--- DATASET EXCERPTS Enclosed Below ---

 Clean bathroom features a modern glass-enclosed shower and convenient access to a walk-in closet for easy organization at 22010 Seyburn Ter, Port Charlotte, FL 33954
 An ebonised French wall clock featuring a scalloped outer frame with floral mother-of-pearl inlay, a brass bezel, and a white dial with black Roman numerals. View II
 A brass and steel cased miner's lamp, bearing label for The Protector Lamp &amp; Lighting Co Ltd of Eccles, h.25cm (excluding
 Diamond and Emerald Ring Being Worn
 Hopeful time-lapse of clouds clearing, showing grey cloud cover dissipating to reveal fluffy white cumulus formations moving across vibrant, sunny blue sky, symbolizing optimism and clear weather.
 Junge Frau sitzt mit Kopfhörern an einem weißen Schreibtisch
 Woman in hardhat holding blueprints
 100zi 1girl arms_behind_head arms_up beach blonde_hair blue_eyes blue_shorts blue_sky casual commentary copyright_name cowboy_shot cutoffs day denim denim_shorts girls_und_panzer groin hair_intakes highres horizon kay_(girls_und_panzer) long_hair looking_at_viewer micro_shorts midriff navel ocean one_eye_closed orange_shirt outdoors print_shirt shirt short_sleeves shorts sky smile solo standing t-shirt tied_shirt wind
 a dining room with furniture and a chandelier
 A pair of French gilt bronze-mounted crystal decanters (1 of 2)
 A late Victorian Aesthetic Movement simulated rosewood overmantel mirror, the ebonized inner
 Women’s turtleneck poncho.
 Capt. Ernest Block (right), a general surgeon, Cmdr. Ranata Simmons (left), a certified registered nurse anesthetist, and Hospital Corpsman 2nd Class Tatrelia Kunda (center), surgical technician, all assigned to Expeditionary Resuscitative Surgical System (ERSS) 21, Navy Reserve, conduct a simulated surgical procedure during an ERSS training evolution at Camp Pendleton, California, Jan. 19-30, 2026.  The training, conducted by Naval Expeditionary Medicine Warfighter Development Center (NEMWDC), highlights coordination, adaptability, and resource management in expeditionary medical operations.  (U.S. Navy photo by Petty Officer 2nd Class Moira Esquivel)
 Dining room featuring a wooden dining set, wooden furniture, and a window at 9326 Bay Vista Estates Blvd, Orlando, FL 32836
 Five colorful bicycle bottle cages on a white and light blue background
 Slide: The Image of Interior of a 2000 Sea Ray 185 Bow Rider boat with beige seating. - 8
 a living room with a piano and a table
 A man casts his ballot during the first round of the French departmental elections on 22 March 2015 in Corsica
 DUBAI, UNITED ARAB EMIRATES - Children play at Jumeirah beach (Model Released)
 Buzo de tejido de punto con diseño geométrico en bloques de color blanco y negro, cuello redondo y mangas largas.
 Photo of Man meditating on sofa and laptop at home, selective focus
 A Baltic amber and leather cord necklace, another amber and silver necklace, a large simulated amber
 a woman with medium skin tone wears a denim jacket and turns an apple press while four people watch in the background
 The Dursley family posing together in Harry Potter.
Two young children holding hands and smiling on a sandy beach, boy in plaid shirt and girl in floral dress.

--- End of Enclosed DATASET EXCERPTS ---

Quote, word for word, every line starting at the one that contains "Slide: The Image" and ending with the final line of the entries.

#### EXERCISE ANSWER:
 Slide: The Image of Interior of a 2000 Sea Ray 185 Bow Rider boat with beige seating. - 8
 a living room with a piano and a table
 A man casts his ballot during the first round of the French departmental elections on 22 March 2015 in Corsica
 DUBAI, UNITED ARAB EMIRATES - Children play at Jumeirah beach (Model Released)
 Buzo de tejido de punto con diseño geométrico en bloques de color blanco y negro, cuello redondo y mangas largas.
 Photo of Man meditating on sofa and laptop at home, selective focus
 A Baltic amber and leather cord necklace, another amber and silver necklace, a large simulated amber
 a woman with medium skin tone wears a denim jacket and turns an apple press while four people watch in the background
 The Dursley family posing together in Harry Potter.
Two young children holding hands and smiling on a sandy beach, boy in plaid shirt and girl in floral dress.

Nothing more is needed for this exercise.